[Start of section]
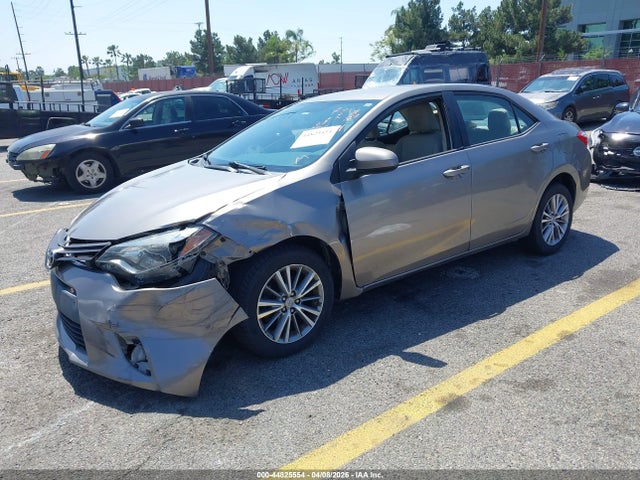 Toyota Corolla Le Plus 2014 5YFBURHE0EP009814 Image 2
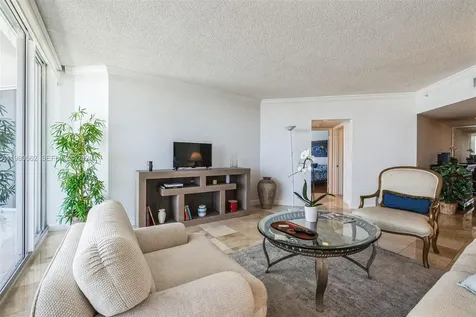 21205 Yacht Club Drive Aventura FL 33180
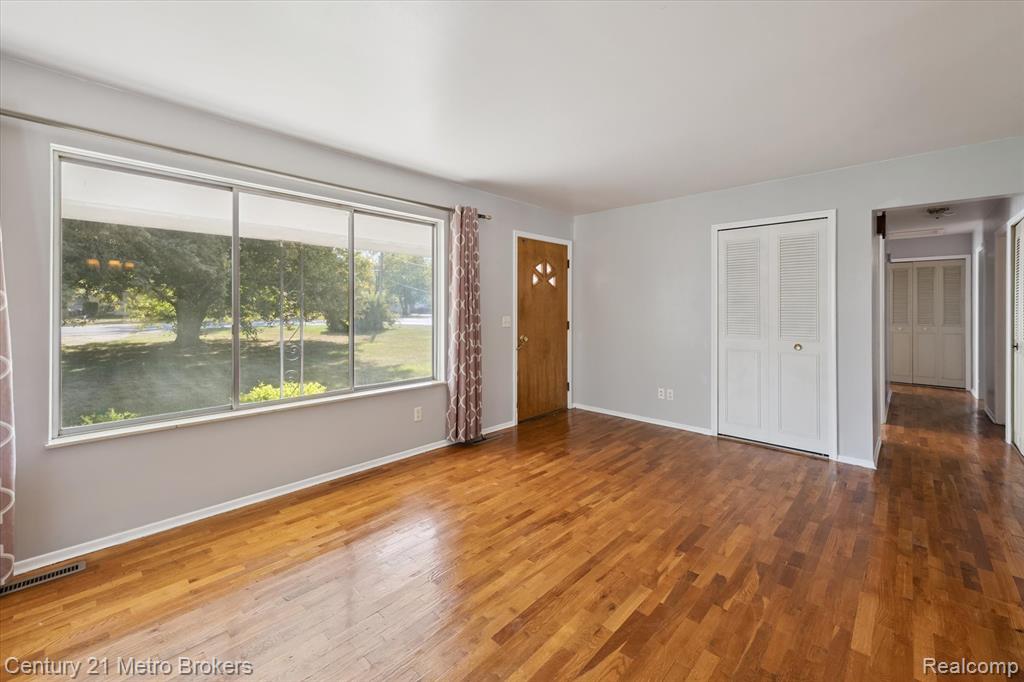 4460 Torrey Road Flint, MI 48507 - Photo 6 of 42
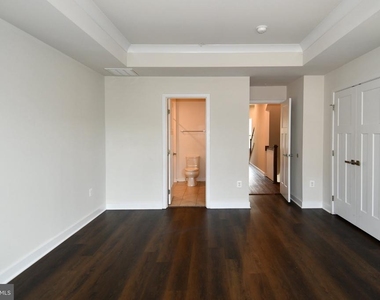 4917 Crest View Drive - Photo Thumbnail 21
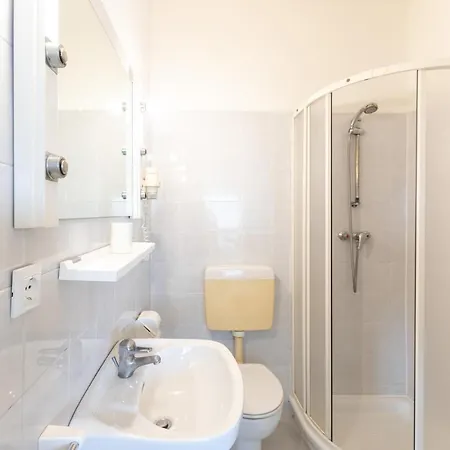 Yachting Apartamento *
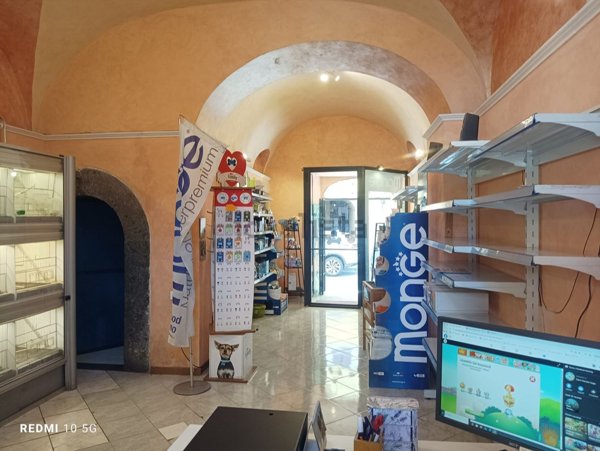 locale commerciale in vendita a Campagnano di Roma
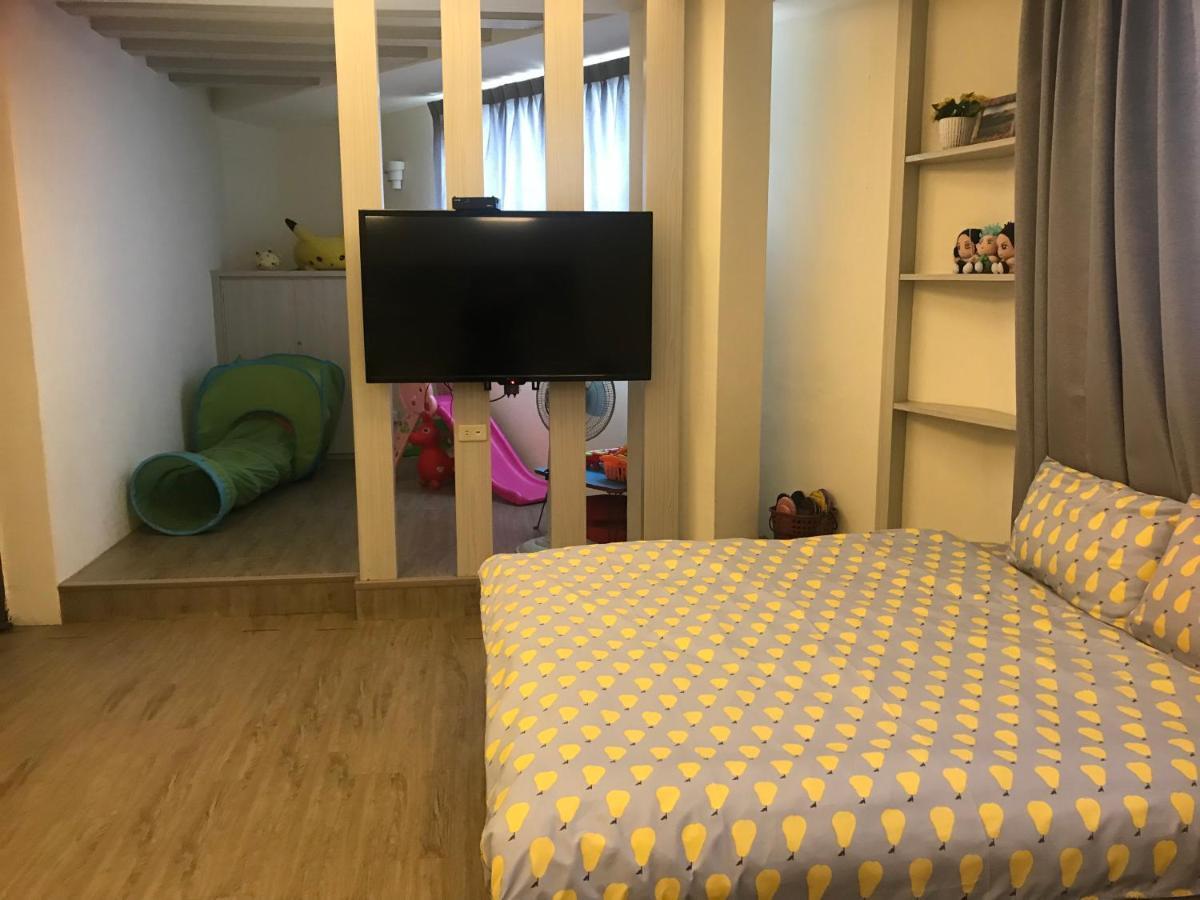 Mickey House-Fuxing Apartment Taichung Exterior foto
[End of section]
What the task asks:
Produce an exact copy of every line above, with the images left out.

Answer for this exercise:
 Toyota Corolla Le Plus 2014 5YFBURHE0EP009814 Image 2
 21205 Yacht Club Drive Aventura FL 33180
 4460 Torrey Road Flint, MI 48507 - Photo 6 of 42
 4917 Crest View Drive - Photo Thumbnail 21
 Yachting Apartamento *
 locale commerciale in vendita a Campagnano di Roma
 Mickey House-Fuxing Apartment Taichung Exterior foto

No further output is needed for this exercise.